Assumed natural strains

Ma and Kanok-Nukulchai²⁷ suggested the procedure for classifying the optimal locations of the sampling points to avoid locking phenomena. It was utilized by Han et al.²⁴ The membrane and transverse shear strain fields are interpolated with the following sampling points in Figure 2.

Figure 2.

Sampling points for assumed strains of (a) membrane normal and transverse shear and (b) membrane shear.

Static equilibrium equation

The static equilibrium equation can be derived as

{(f_{j β} {\tilde{S}}_{α β})}_{, α} + \tilde{ρ} b_{j} = 0

(8)

where ${\tilde{S}}_{α β}$ is the second and symmetric natural stress tensor, $b_{j}$ is the body force, and $f_{j β}$ is the deformation gradient which is defined as

f_{j β} = \frac{\partial x_{j}}{\partial ξ_{β}}

(9)

and $\tilde{ρ}$ is the mass density of the body defined as

\tilde{ρ} = ρ_{0} {\tilde{J}}_{t} / J

(10)

in which ${\tilde{J}}_{t}$ is $| \partial x_{i} / \partial ξ_{α} |$ , $ρ_{0}$ is the mass density of the undeformed body, and $J$ is $| \partial P_{I} / \partial x_{j} |$ .

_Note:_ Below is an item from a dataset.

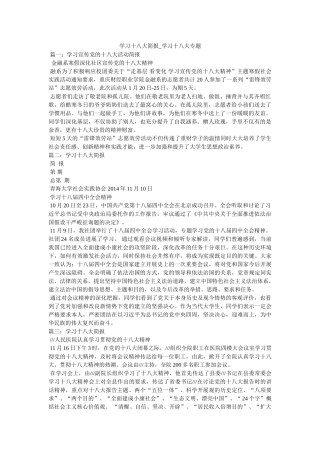 学习十八大简报_学习十八大专题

The weak form of the static problem can be constructed by Galerkin’s weighted residual method as

\begin{matrix} G^{e} (u, δ u) = & - \int_{B^{e}} [{({\tilde{S}}_{α β} f_{l β})}_{, α} + \tilde{ρ} b_{l}] δ u_{l} dV \\ + \int_{\partial B^{e}} [{\tilde{S}}_{α β} f_{l β} n_{α} - T_{l}^{(N)}] δ u_{l} dA = 0 \end{matrix}

(11)

where $u$ and $δ u$ are the displacement field and weight field, respectively; $B^{e}$ and $δ B^{e}$ are the volume and its boundary surface of the parental element, respectively. $T_{l}^{(N)}$ is a natural traction vector associated with area element. Applying the Gauss–Green theorem, the above equation can be rewritten in the canonical form as

\int_{B^{e}} {\tilde{S}}_{α β} f_{l β} δ u_{l, α} dV - \int_{B^{e}} \tilde{ρ} b_{l} δ u_{l} dV - \int_{\partial B^{e}} T_{l}^{(N)} δ u_{l} dA = 0

(12)

The weight field of Galerkin’s method has the same function space as the displacement field, so the weight field can be expressed as

\begin{matrix} δ u (ξ_{1}, ξ_{2}, ξ_{3}) & = \sum_{b = 1}^{9} \frac{\partial x (ξ_{1}, ξ_{2}, ξ_{3})}{\partial U^{b}} δ U^{b} \\ = \sum_{b = 1}^{9} N_{b} (ξ_{j}) [I_{3 \times 3} | ξ_{3} V^{b}] δ U^{b} \end{matrix}

(13)

where $δ U^{b}$ denotes the virtual nodal displacements. Substituting equation (13) into equation (12) yields

\sum_{b = 1}^{9} δ U_{j}^{b} (K_{j}^{b} - R_{j}^{b}) = 0

(14)

in which $K_{j}^{b}$ is the internal force vector and $R_{j}^{b}$ is the generalized force vector.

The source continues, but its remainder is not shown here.